__What the task asks__: Pictures aside, output each record exactly.

[Captioned web images]
+---+
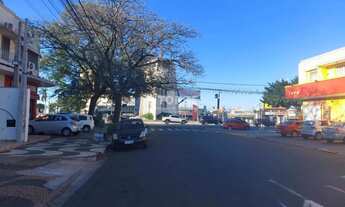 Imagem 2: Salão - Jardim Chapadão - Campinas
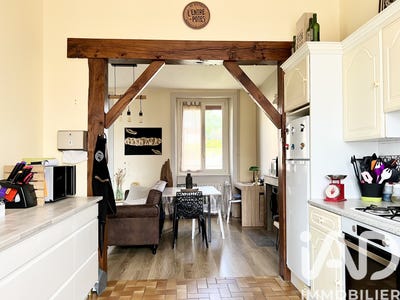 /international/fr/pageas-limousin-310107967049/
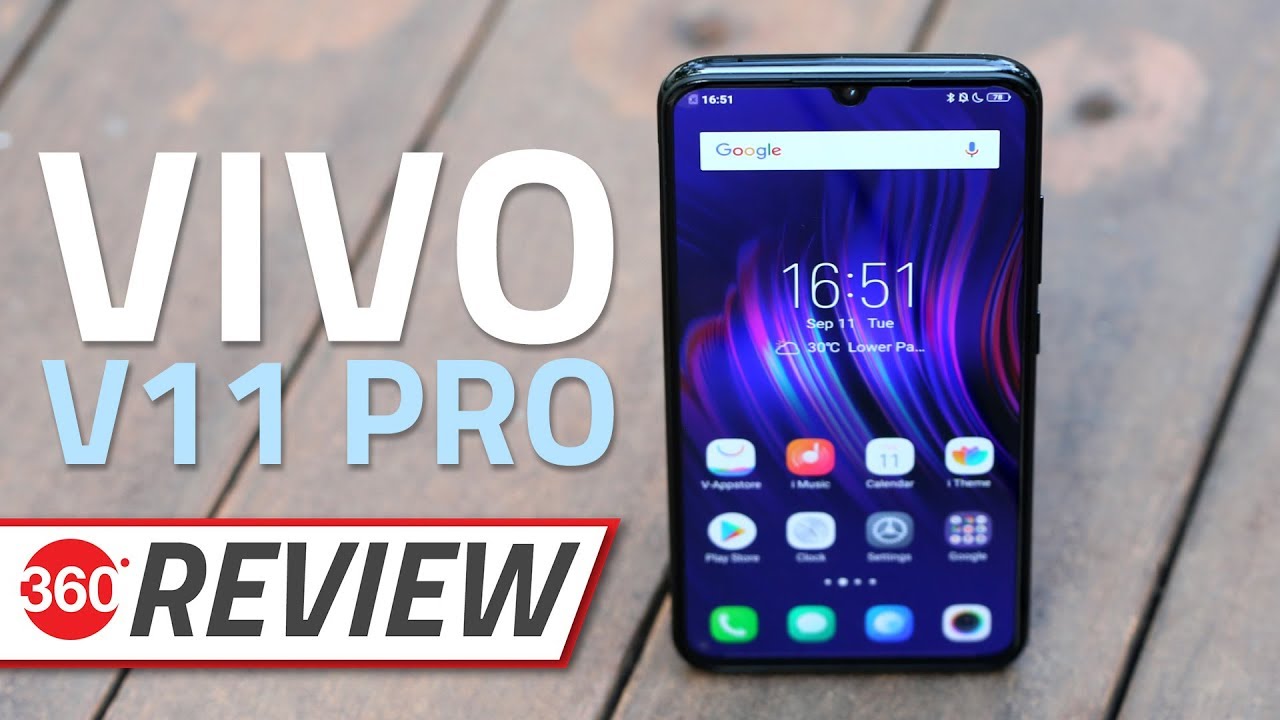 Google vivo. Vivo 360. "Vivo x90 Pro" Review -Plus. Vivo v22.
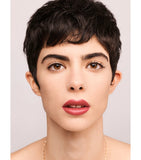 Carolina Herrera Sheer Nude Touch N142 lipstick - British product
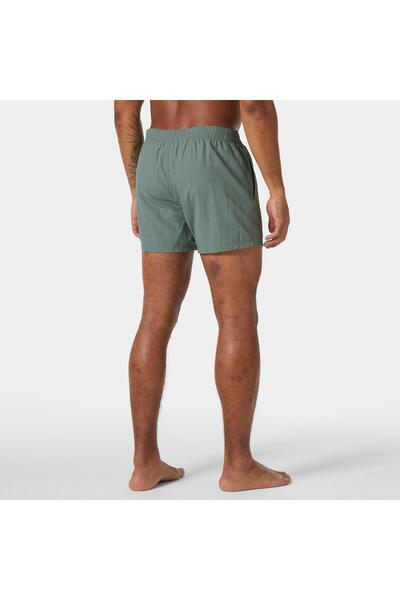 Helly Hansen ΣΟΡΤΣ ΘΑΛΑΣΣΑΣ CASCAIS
+---+
__Response to the exercise__:
 Imagem 2: Salão - Jardim Chapadão - Campinas
 /international/fr/pageas-limousin-310107967049/
 Google vivo. Vivo 360. "Vivo x90 Pro" Review -Plus. Vivo v22.
 Carolina Herrera Sheer Nude Touch N142 lipstick - British product
 Helly Hansen ΣΟΡΤΣ ΘΑΛΑΣΣΑΣ CASCAIS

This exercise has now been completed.